Interrogé par l’AFP à propos de ce signalement, Olivier Pardo, l’un des défenseurs de Rachida Dati, a fait part de son « surprise ».

Le Parquet de Paris a également indiqué à l’AFP qu’il examinait d’autres signalements relatifs à des bijoux que la ministre aurait omis de déclarer, en collaboration avec la Haute Autorité pour la transparence de la vie publique (HATVF). Deux signalements concernant ce même sujet ont été effectués suite à l’affirmation du journal Libération en avril, selon laquelle la ministre aurait négligé de mentionner 19 pièces de joaillerie d’une valeur totale de 420 000 euros, qu’elle possède depuis 2017, dans sa déclaration de patrimoine auprès des autorités compétentes. Raymond Avrillier a soumis l’un le 18 juin, tandis que l’autre a été présenté le 26 juin par Rémi Féraud, l’élu socialiste et sénateur de Paris.

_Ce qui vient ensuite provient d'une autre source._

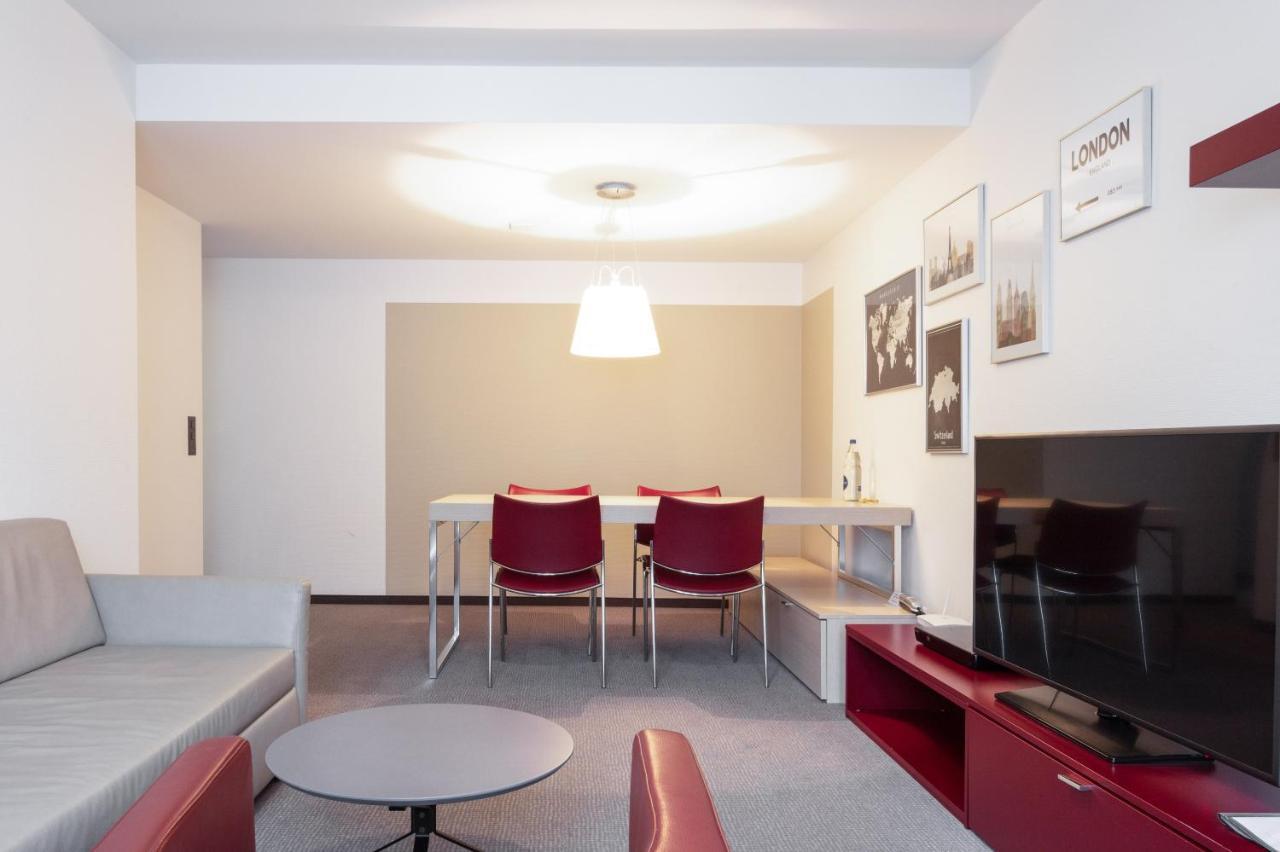 Ema House Serviced Apartments Seefeld Zurique Exterior foto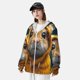 thumbnail image 3 of Balery Modern Yellow Sweater Guinea Pig Sudadera ligera de manga larga con capucha y protección solar UPF 50+ para hombre y mujer, ideal para pesca y running-3X-Large, 3 of 7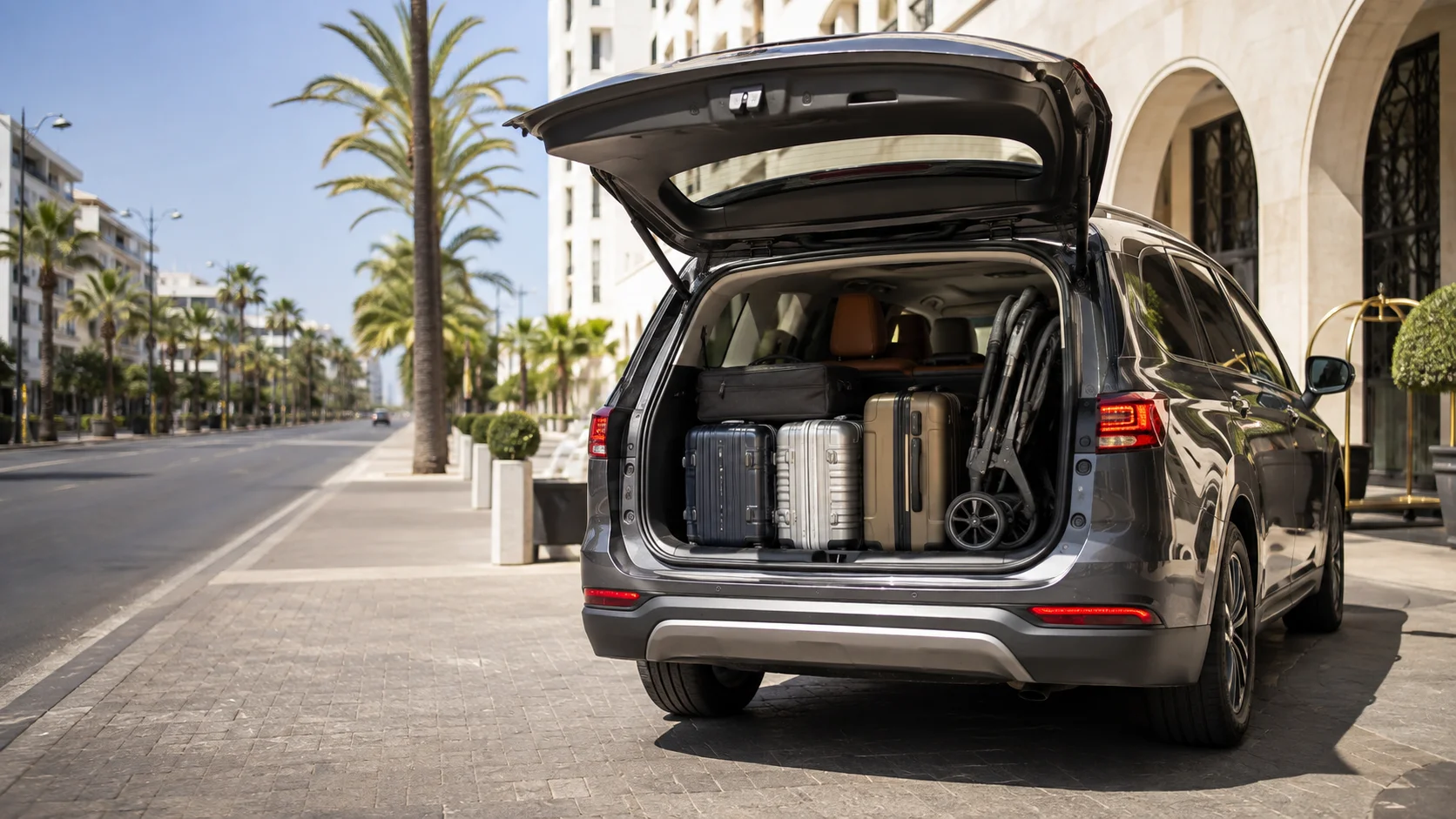 Casablanca to Agadir Privattransfer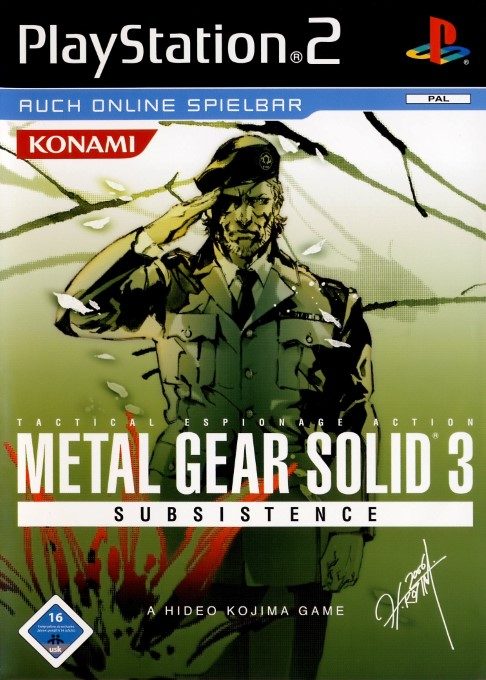 Metal Gear Solid 3 : Subsistence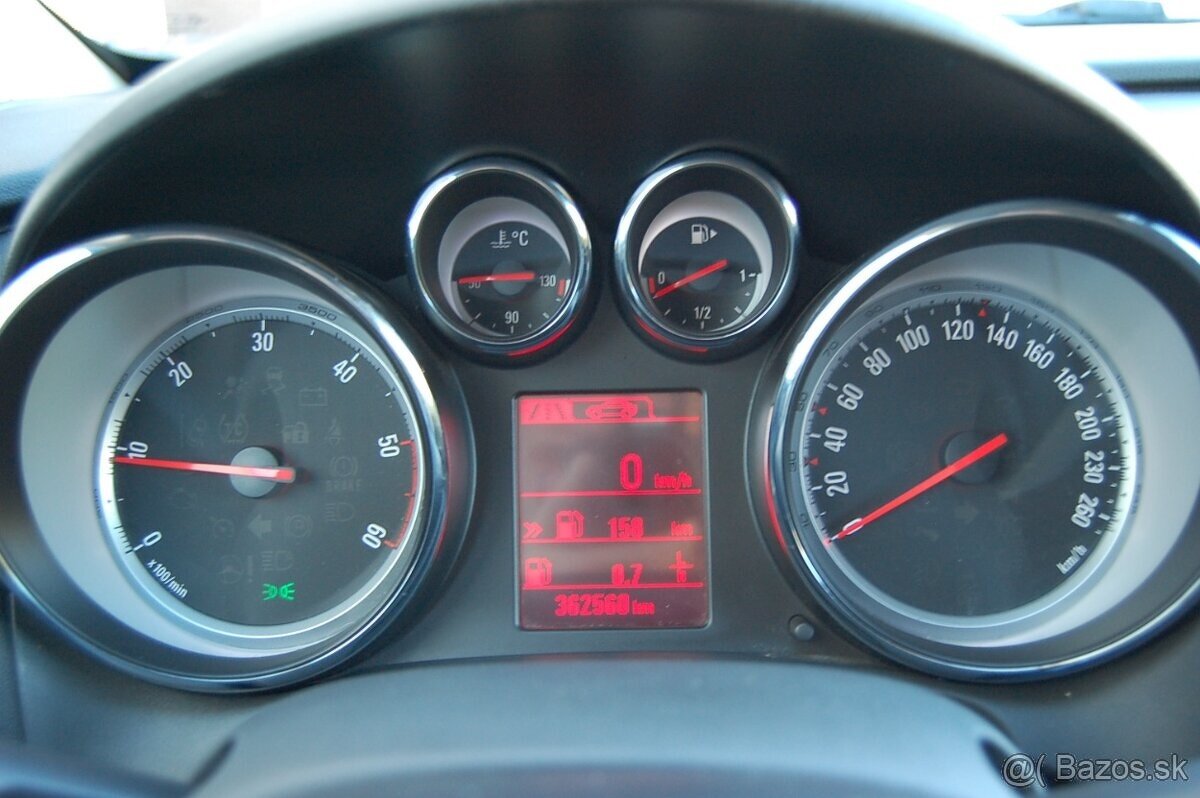 Opel Astra J 1.7 Cdti - 13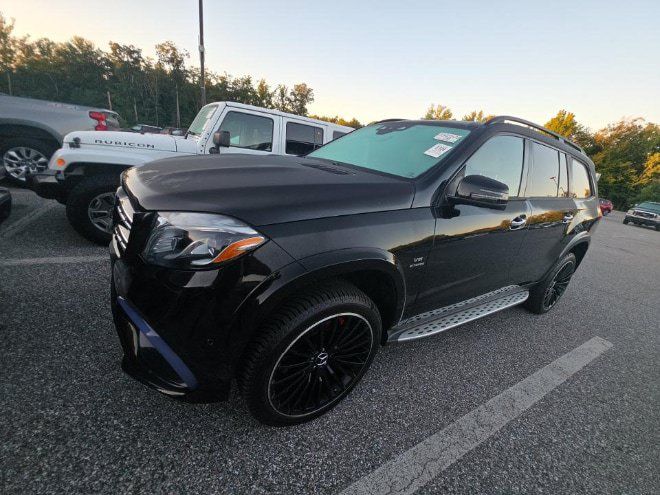Used 2018 Mercedes-Benz GLS 63 AMG 4MATIC image 1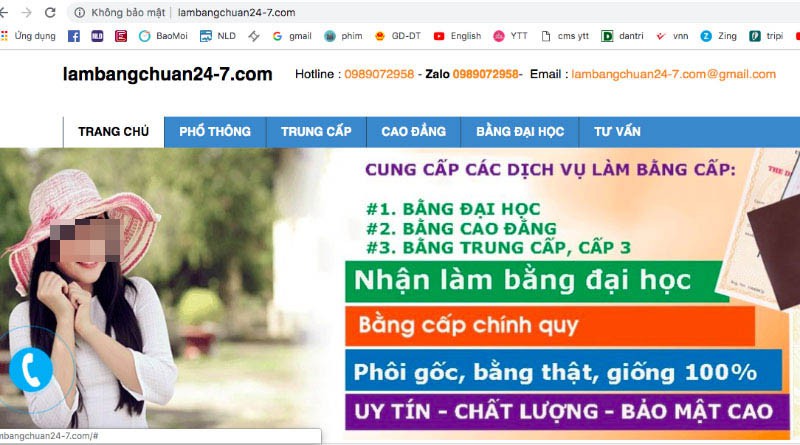 Bằng giả: Muốn loại gì, khi nào cũng có!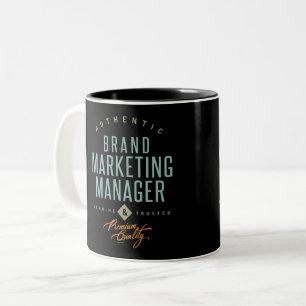Brand Marketing Manager Two-Tone Coffee Mug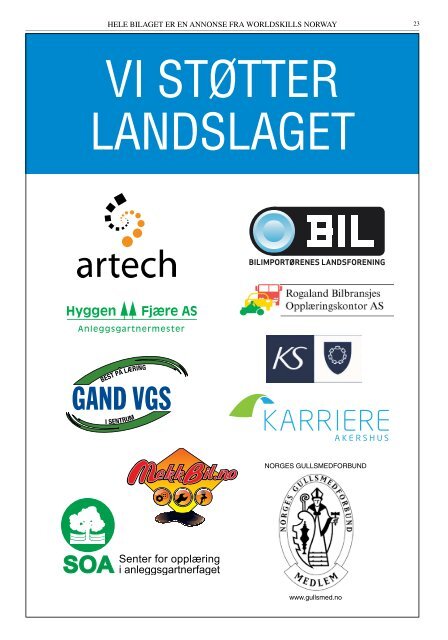 Norges viktigste landslag - KS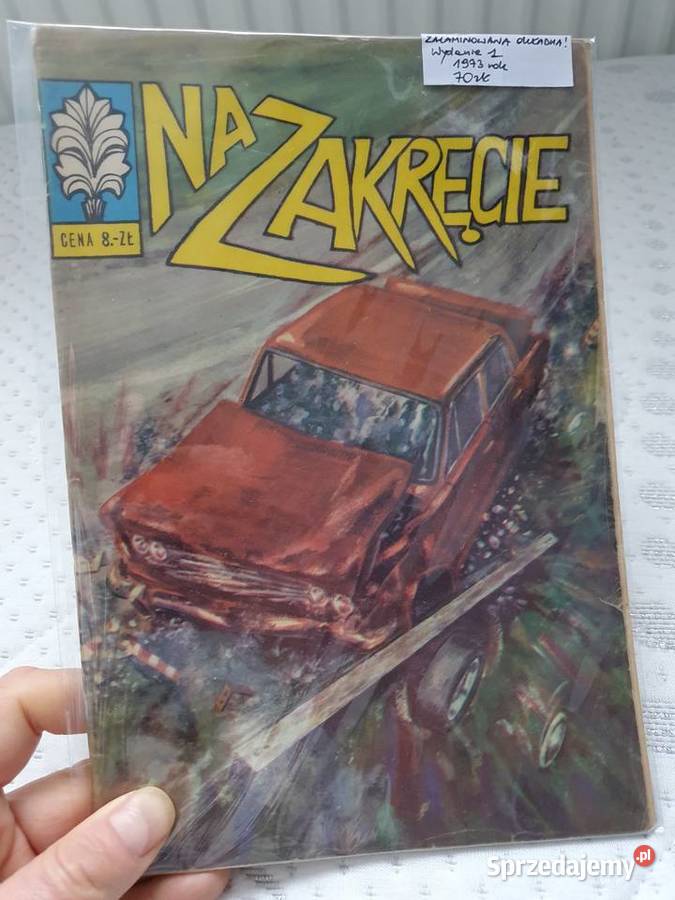 Kapitan Żbik - Na Zakręcie - wydanie 1, 1973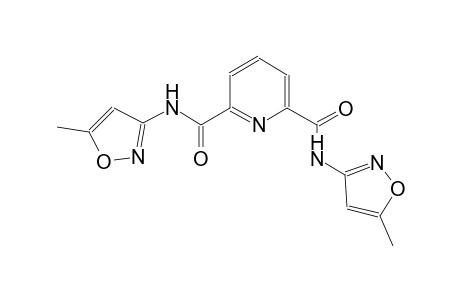 N~2~,N~6~-bis(5-methyl-3-isoxazolyl)-2,6-pyridinedicarboxamide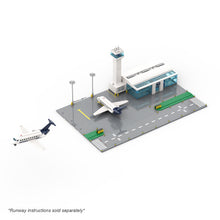 Load image into Gallery viewer, Modular Small Town Airport Terminal Instructions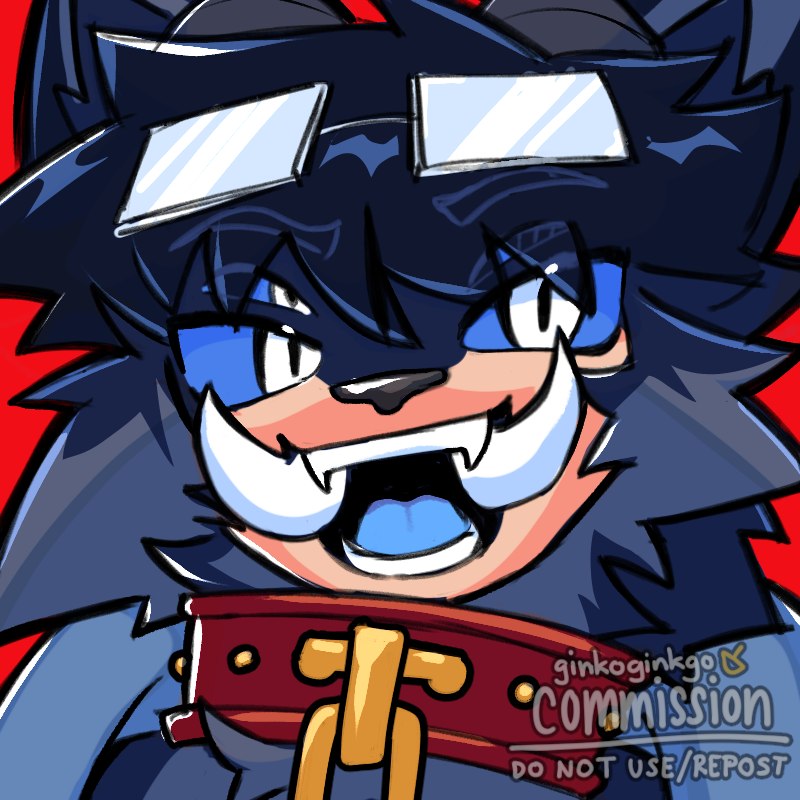 pfp comm for <a href="/HellhoundHavoc/">Hellhound Havoc | MAINLY ON BLUESKY!</a> 🔥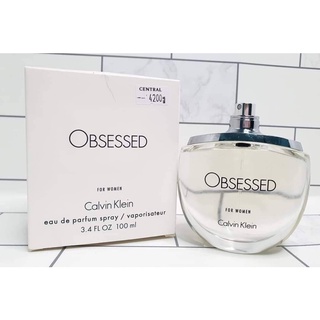 CALVIN KLEIN Obsessed for Women EDP กล่องเทสเตอร์ ไม่มีฝา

Au début de mai, la ministre de la Culture avait affirmé qu’elle n’avait « rien à régulariser » dans sa déclaration patrimoniale.

Pour finir, selon des sources proches de l’enquête citées par l’AFP, un signalement a été déclenché suite à l’investigation menée par L’Obs et l’émission « Complément d’enquête » de France 2. Ce dernier révèle que Rachida Dati aurait reçu 299 000 euros d’« honoraires » non déclarés de GDF Suez durant la période de 2010-2011, lorsqu’elle occupait le poste d’eurodéputée et exerçait comme avocate. Face aux accusations rapportées par l’AFP début juin, les défenseurs de la ministre, Olivier Baratelli et Olivier Pardo, avaient affirmé qu’elle avait « fourni toutes ses justifications et n'[avait] jamais représenté GDF Suez ».